Sto parlando di Nera con forme, sottotitolo Storia di un corpo grasso, scritto da Marianna the influenza, nome d’arte di Marianna Kalonda Okassaka, italiana di seconda generazione, millennial, laureata in scienza della comunicazione, attivissima su instagram.

Chi mi conosce sa che mi appassionano da sempre i temi dell’inclusione o, per meglio dire, le lotte per combattere la mancanza di inclusione. Ho proposto spesso qusti argomenti nel blog, soprattutto condividendo con voi le mie letture, che hanno attraversato vari campi, dal razzismo alla fragilità bianca, dal colonialismo al femminismo.

Il libro di Marianna the influenza affronta, all’apparenza, un tema che non mi dovrebbe riguardare molto, quello della grassezza; sebbene io sia sempre più spesso sovrappeso, la grassezza non dovrebbe essere un tema particolarmente sensibile ma, scorrendo le pagine, mi sono reso via via conto che il tema portante è la grassofobia, e io, orrore! non ne sono immune.

Il primo commento che mi sento di fare su questo scritto è che è strutturato benissimo, con un glossario che permette di imparare, o comprendere meglio, quei termini che noi che non siamo, ahinoi, millennial, potremmo non conoscere. Se dovessi catalogare questo libro, lo descriverei come un saggio, però autobiografico, perché parte dal vissuto della scrittrice, il che rende la lettura molto scorrevole. In quasi ogni pagina viene sottolineata l’importanza dell’intersezionalità, termine coniato dalla giurista statunitense Kimberlé Williams Crenshaw, per connotare il modo in cui le diverse categorie biologiche, sociali e culturali come genere, etnia, classe sociale, disabilità, orientamento sessuale, religione, nazionalità si intersecano su molteplici livelli e, spesso, nello stesso momento. Questi aspetti non possono essere disgiunti quando si pensa all’identità di un individuo e sono fondamentali per comprendere la base multidimensionale delle ingiustizie, della disuguaglianza e della discriminazione sociale. L’autrice stessa, donna, nera e grassa rappresenta un chiaro esempio di intersezionalità.

Questo libro è un viaggio in cui l’autrice, una sorta di Virgilio del XXI secolo, dapprima conduce il lettore verso la probabile scoperta della propria grassofobia, poi mette in evidenza di come la grassofobia sia discriminazione, per insistere poi esplicitamente sul concetto di intersezionalità, necessario per comprendere le strategie da adottare contro questa discriminazione. Il libroè corredato da bibliografia e approfondimenti online che aiutano ad acquisire una consapevolezza sempre maggiore. Un libro coglie nel segno se fa riflettere, se ci cambia almeno un po’. Marianna the influenza con me ha colto nel segno. E voi, lo leggerete? Fatemi sapere che cosa ne pensate.

4 Comments

  1. Vorrei leggerlo, perché il problema della grassofobia (per quanto inconscia) della mia generazione (X) è stato portato recentemente alla mia attenzione da una giovane amica (Millennial) e mi ha veramente turbato, trovandomi nei panni di vittima e carnefice.
    E perché ho scoperto oggi grazie a te che la parola internazionalità descrive un approccio realistico ai problemi che è mancato alle generazioni cresciute tra le radicalizzazioni post-sessantottine e le semplificazioni degli anni ottanta.
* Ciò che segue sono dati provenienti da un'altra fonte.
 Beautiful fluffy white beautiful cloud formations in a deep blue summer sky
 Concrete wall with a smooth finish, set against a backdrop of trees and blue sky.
    • L’intersezionalità è un discorso che mi sta a cuore, e gioca un ruolo chiave in tutte le tematiche di (mancanza di) inclusione. In realtà era già venuto fuori in altre letture; spero che questo concetto si diffonda a tutti.

  2. I grassi sono sempre stati discriminati e non solo nelle ultime generazioni. Ora viene dato un nome a qualsiasi cosa, ma i problemi di esclusione per motivi estetici, razziali, di rango sociale, ecc sono sempre esistiti. Credo che definire dei neologismi per categorizzare dei generi non aiuti l’inclusione.